A new study finds mirtazapine reduces methamphetamine use safely and inexpensively. The field has no FDA-approved medications for stimulant use disorder. This matters.

ByThe Rize NewsroomJune 19, 20263 min readStimulants

There are no FDA-approved medications for methamphetamine use disorder. There never have been. While opioid use disorder has buprenorphine, methadone, and naltrexone—three distinct approved medications with robust evidence bases—stimulant use disorder has been left with behavioral therapy alone. Contingency management, the evidence-based intervention that uses financial incentives to reward abstinence, has faced a $75 per incentive federal cap that guts its effectiveness. The medication bench for treating meth is empty.
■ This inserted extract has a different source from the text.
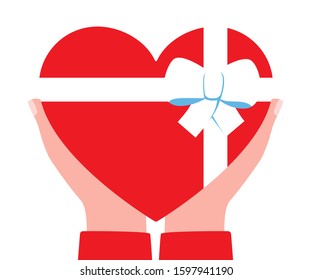 Big red heart with ribbon and bow in hands of man. Gift, charity. Heart as symbol of love, appreciation, respect, care. Vector illustration on white background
A study published this week in Alcoholism & Drug Abuse Weekly, a peer-reviewed publication from Wiley, found that mirtazapine—a generic antidepressant that costs roughly $15 per month—was effective in reducing methamphetamine use and was safe for people with methamphetamine use disorder. Researchers described the finding as “safe and cheap,” which in a field accustomed to pharmacological dead ends is notable framing.

Mirtazapine works differently than typical antidepressants. It acts as a noradrenergic and specific serotonergic antidepressant (NaSSA), blocking specific receptors to increase norepinephrine and serotonin availability, while also acting on histamine receptors in a way that produces sedation and appetite stimulation. The latter effects have long been used clinically to treat the weight loss and sleep disruption that accompany methamphetamine withdrawal. The new finding suggests the drug may also reduce ongoing use, not just manage withdrawal symptoms.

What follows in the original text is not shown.